Flux is a next-generation resource and job management framework that expands the scheduler’s view beyond the single dimension of “nodes.” Instead of simply developing a replacement for SLURM and Moab, Flux offers a framework that enables new resource types, schedulers, and framework services to be deployed as data centers continue to evolve.
A resource manager tracks and monitors the hardware deployed in the data center, and then arbitrates access as customers submit work they would like to run. The job-scheduling algorithms must not only determine when and where resources that meet the user-specified requirements will be available, but also implement an allocation policy.

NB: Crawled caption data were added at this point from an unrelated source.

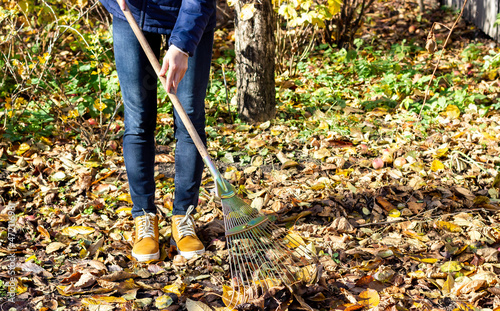 Work in the garden. Autumn leaves. Autumn foliage cleaning. The housewife is cleaning yellow leaves.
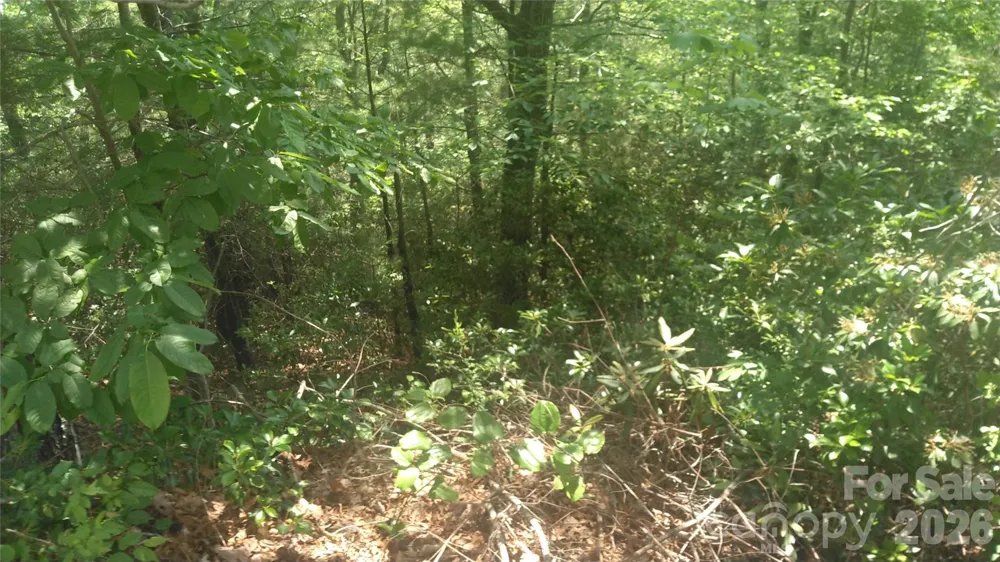 Lot 17 Deer Ridge Trail Marion, NC 28752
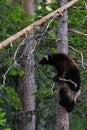 Wolverine climbing Royalty Free Stock Photo
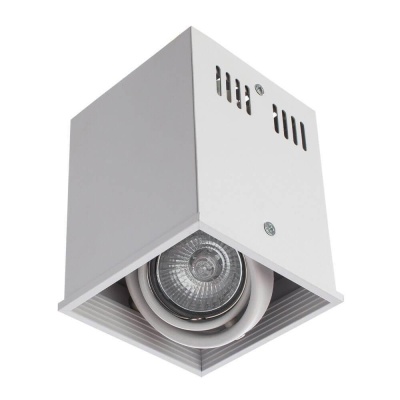 Потолочный светильник Arte Lamp Cardani A5942PL-1WH Потолочный светильник Arte Lamp Cardani A5942PL-1WH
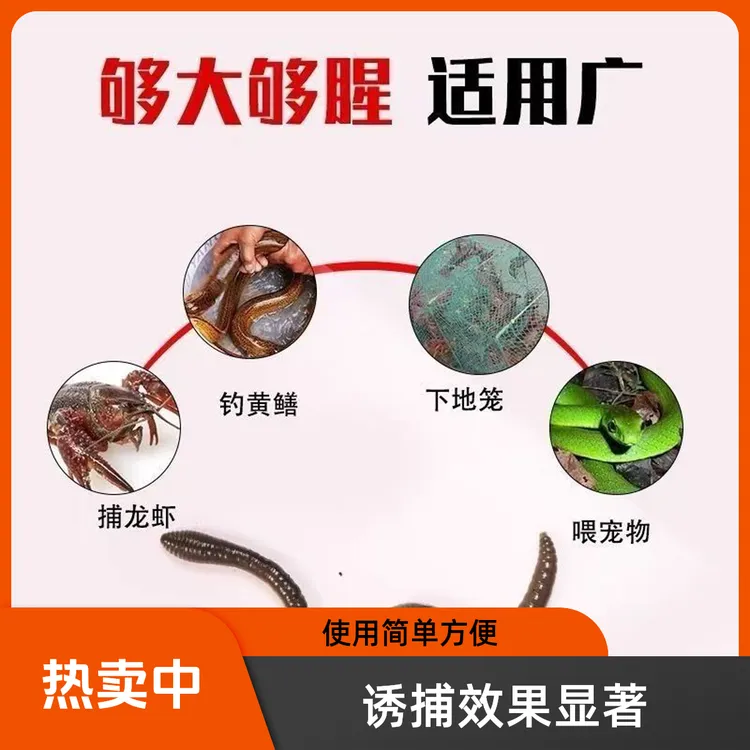 青蚯蚓黑蚯蚓专用鲜活钓鱼活饵特大臭蚯蚓黄鳝诱饵蚯蚓活饵包邮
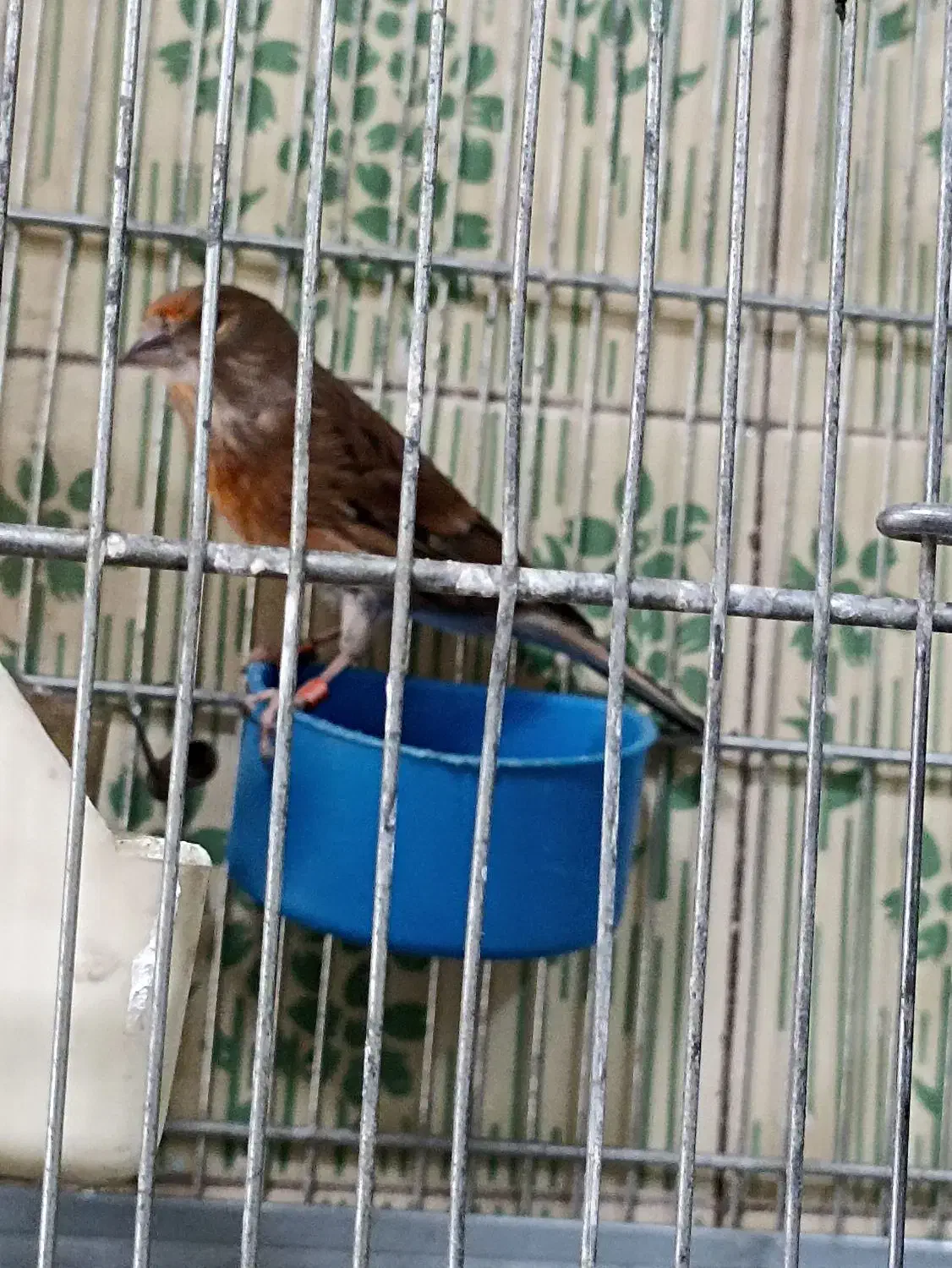 سهره|پرنده|تهران, جوادیه تهرانپارس|دیوار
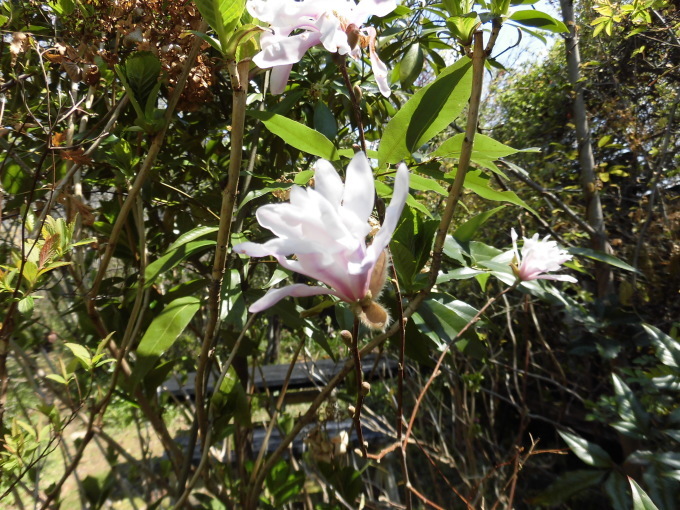 c0156104_22062563.jpg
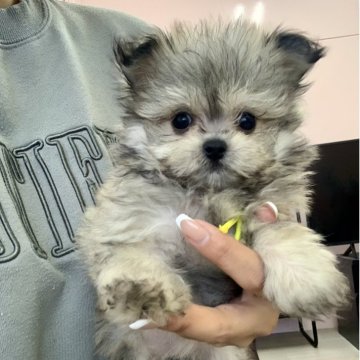 ポメマル(ポメラニアン×マルチーズ)【滋賀県・女の子・2025年8月28日・ウルフセーブル】の写真「小柄な天使🐶💓早いもの勝ちですよー🤗💓」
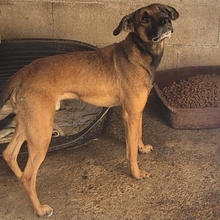 NODDY, Hund, Mischlingshund in Spanien - Bild 1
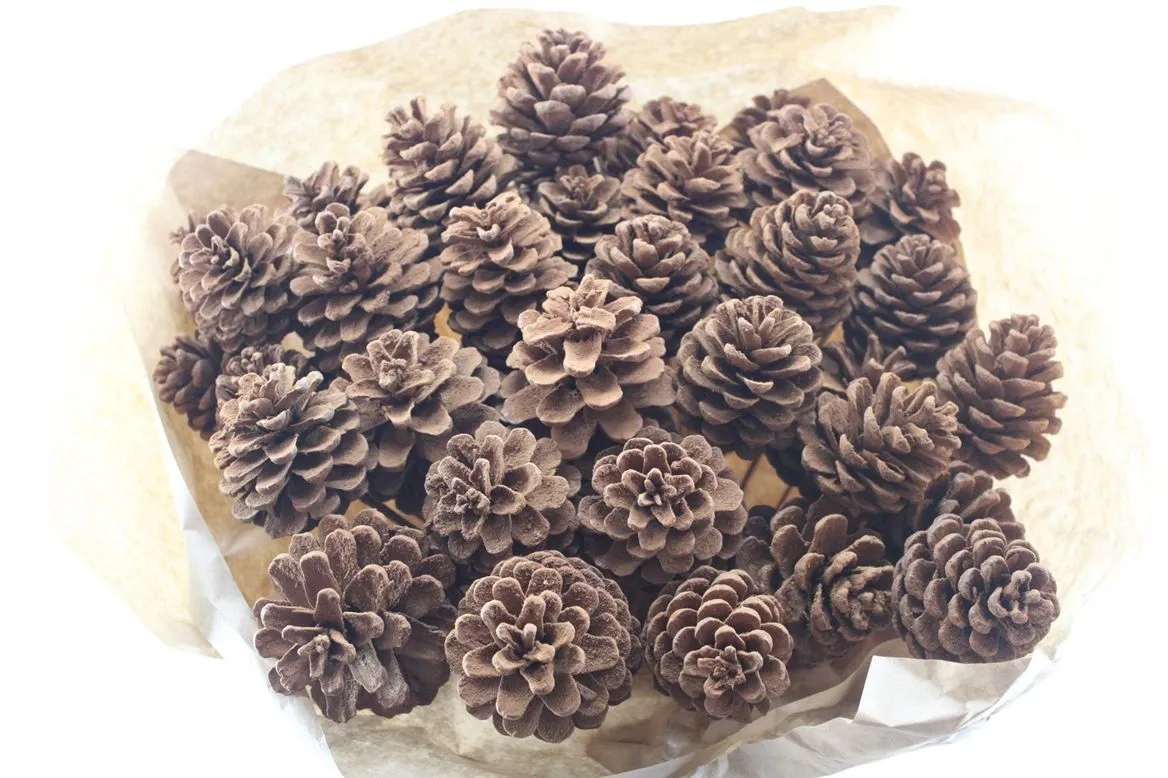 Pine Cone Cinamon, sušené • 50 cm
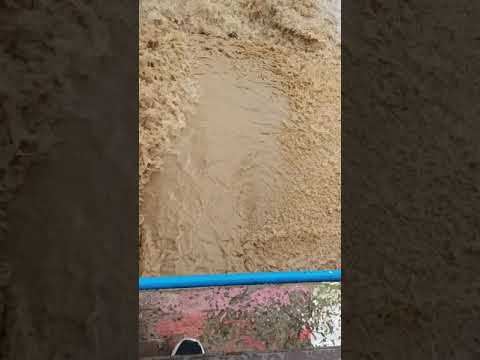 سنيريا جنوب قلقيلية واد شامي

Job placement in both space and time is critical to achieving efficient execution and getting the most work done for the time, power, and money spent. Flux addresses this issue by making smarter placement decisions and by offering greater flexibility and more opportunity for adaptation than current resource management software. These solutions help scientific researchers and computing users more effectively harness the power of LC capabilities. For example, with a holistic view of the data center’s input/output (I/O) bandwidth capability and utilization, Flux avoids the “perfect storm” of I/O operations that can occur when a naïve scheduler places I/O-intensive work without regard to I/O availability.
In Flux, each job is a complete instance of the framework, meaning the individual task can support parallel tools, monitoring, and even launch sub-jobs that are, like fractals, smaller images of the parent job. Because each job is a full Flux instance, users can customize Flux for use within their jobs. For example, a user desiring to launch many small, high-throughput jobs could submit a large, long-running parent job, and inside it load a specialized scheduler that is streamlined for high throughput. Panning outward in scale, schedulers operating at a larger granularity can move resources between child jobs as bottlenecks occur and employ pluggable schedulers for resource types that do not exist today.
“We are providing more capable resource management through hierarchical, multi-level management and scheduling schemes,” says Becky Springmeyer, LC division leader and Flux project leader. “Users benefit from pluggable schedulers with deeper knowledge of network, I/O, and power interconnections, and the ability to dynamically shape running work. One of the challenges we faced in designing Flux was making sure its framework was general and extensible enough to support resources and use cases that are only now emerging in research. Our team includes researchers in power-aware and I/O-aware scheduling.”
Flux was designed with input from system developers, computer science researchers, and end users, as well as external organizations that operate large computer centers. In addition, Livermore’s co-design efforts with code-development tools, such as STAT, Spindle, and TotalView, provide a highly scalable and composable code-development environment for LC users. Users can pick and choose the programming tools they need and seamlessly use them together under Flux’s framework. For example, users of the Kull code can scalably launch the application with Spindle and debug it using TotalView or STAT if necessary.
Flux is open-source software available to high performance computing centers around the world via the Flux collaboration space on GitHub. Flux developers have worked with the University of Delaware to develop the I/O-aware scheduling component of Flux, and the team is open to expanding research collaborations with other academic institutions for elements such as elastic resource and job management.